Your assignment >> What you return should match the data below exactly, with no pictures in it.

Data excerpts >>
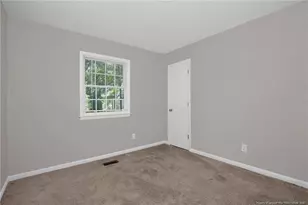 466 Lansdowne Rd, Fayetteville, NC 28314 - Photo 16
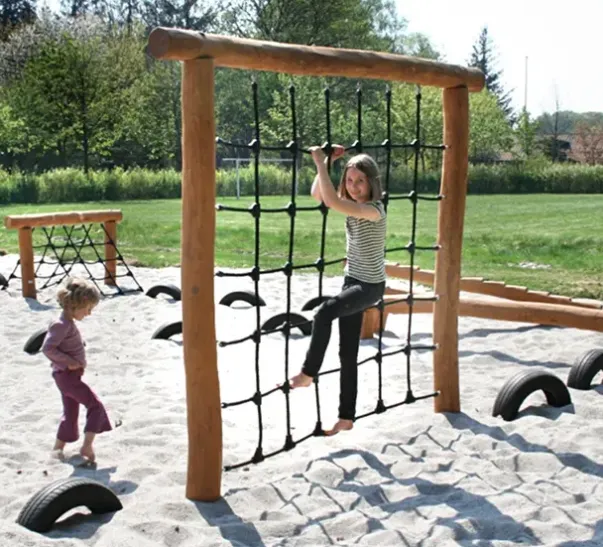 Core klatrenett med robiniastolper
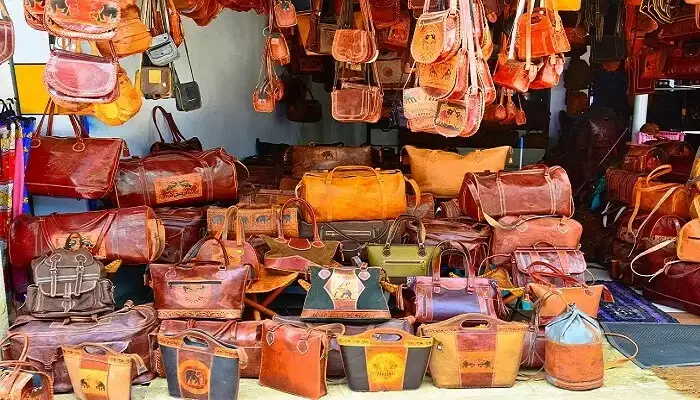 بازار بنتوتا از مکان های دیدنی سریلانکا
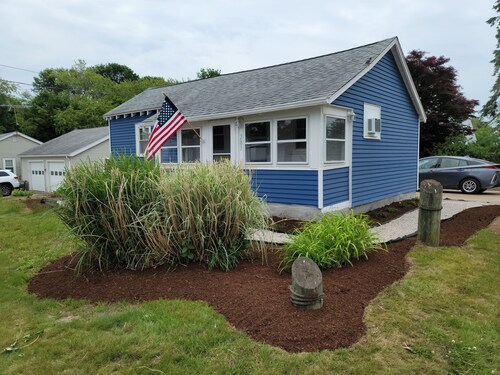 Adorable  Snug Harbor Cozy Cottage,Minutes to the beach(pet friendly)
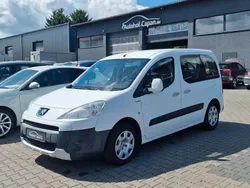 Weiß Gebraucht 2011 Peugeot Partner Tepee Van / Kleinbus | 6.199 € (Etwas zu teuer)
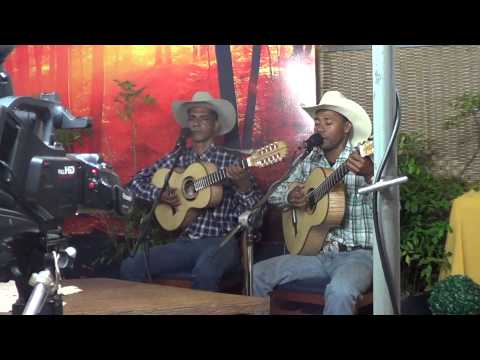 Filipe neto e cassimiro''no programa Prosa, café e viola''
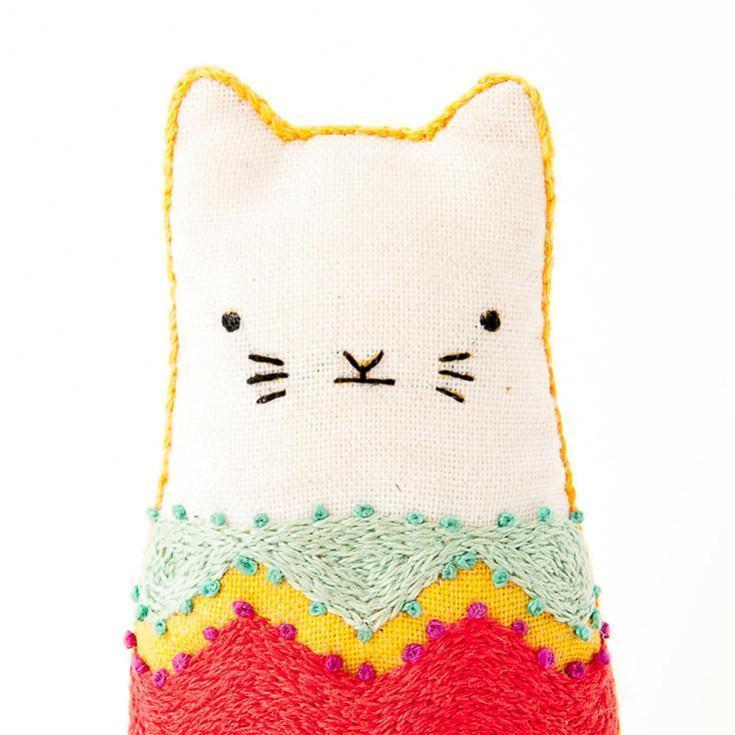 Kiriki Press - Fiesta Cat DIY Embroidery Kit - Default - gatherhereonline.com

Exercise answer >>
 466 Lansdowne Rd, Fayetteville, NC 28314 - Photo 16
 Core klatrenett med robiniastolper
 بازار بنتوتا از مکان های دیدنی سریلانکا
 Adorable  Snug Harbor Cozy Cottage,Minutes to the beach(pet friendly)
 Weiß Gebraucht 2011 Peugeot Partner Tepee Van / Kleinbus | 6.199 € (Etwas zu teuer)
 Filipe neto e cassimiro''no programa Prosa, café e viola''
 Kiriki Press - Fiesta Cat DIY Embroidery Kit - Default - gatherhereonline.com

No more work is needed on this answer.